レイアウトには建築基準法と消防法が関係します。しかし、オフィス内の通路幅はどちらにも定められていません。一般的には、建築基準法施行令によって一定規模の学校や病院等に定められている「廊下の幅」を、オフィスでも参考にしています。
<廊下の幅>
- 片側に居室がある通路:1.2m以上
- 両側に居室がある通路:1.6m以上
避難用品の備蓄
非常用の備蓄を準備し、オフィス内の分かりやすい場所に保管します。いざという時に取り出しやすいことが重要です。内閣府が作った帰宅困難者対策のガイドラインでは、地震後は混乱を避けるために一斉に帰宅せず、オフィスや施設に一時待機することを基本としています。
- 飲料水
- 非常食
- ヘルメット
- 軍手
- 救急セット
- 簡易トイレ
- 懐中電灯
- モバイルバッテリーまたは電池式充電器+電池
- カイロ
- 毛布またはアルミブランケット
- ウェットティッシュ
- タオル
- ラジオまたはテレビ
情報伝達の仕組みを整える
情報伝達の仕組みを整え、地震の際に従業員と迅速に情報を共有できるようにしておきましょう。支店が複数ある場合や外出が多い企業には、安否確認サービスがおすすめです。
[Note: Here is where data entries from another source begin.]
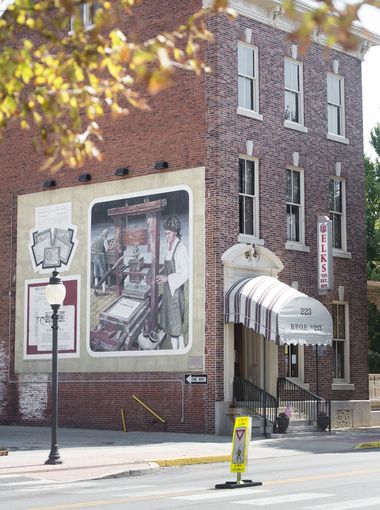 The mural on the side of the building honors York Elk, Rabbi & Military Chaplain Alexander D. Goode who went down with his transport ship, the Dorchester, in World War II when it was hit by a torpedo.  He heroically gave up his life jacket so that others might live. 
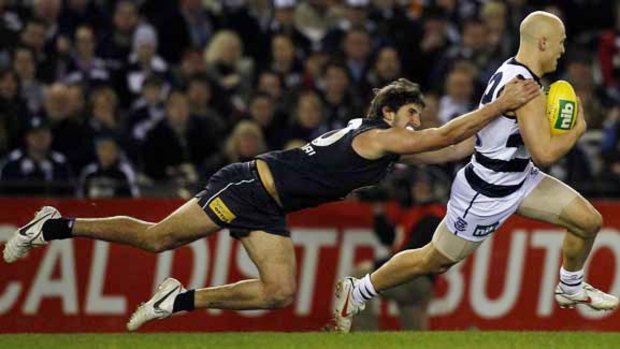 Gary Ablett puts on the pace to evade a desperate tackle from Jarrad Waite in Geelong's 42-point win last night.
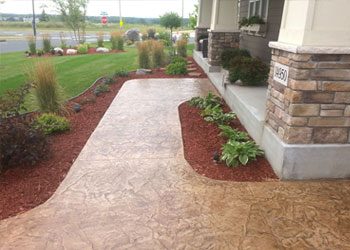 Stylish stamped concrete sidewalk and steps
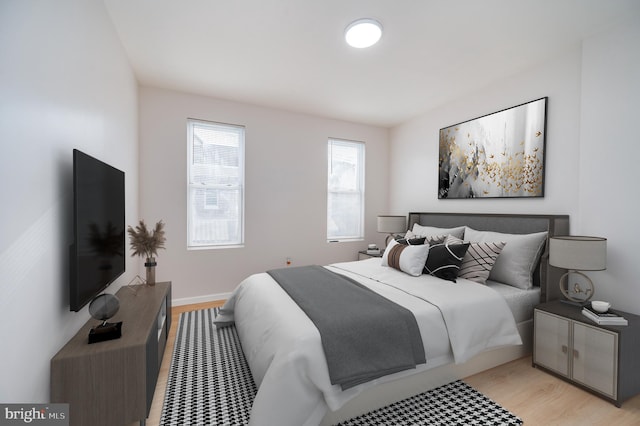 bedroom featuring light wood-type flooring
東日本大震災の際も、従業員の安否確認がスムーズでした。訓練機能が付いていて、普段からログインや回答の練習をしていたことが功を奏したのだと思います。また、現在ではメールだけでなくLINEなども利用可能となり、利便性がアップしています。
パソコン類やデータの保護
企業活動に欠かせないパソコンやデータも保護が必要です。例えばパソコンやサーバーは、落下防止策として耐震マットの利用やベルト固定などの方法が選べます。使っていない機器類は扉付きの収納に入れましょう。また、データはバックアップをとって遠隔地でも保管しておく方法やクラウド化が有効です。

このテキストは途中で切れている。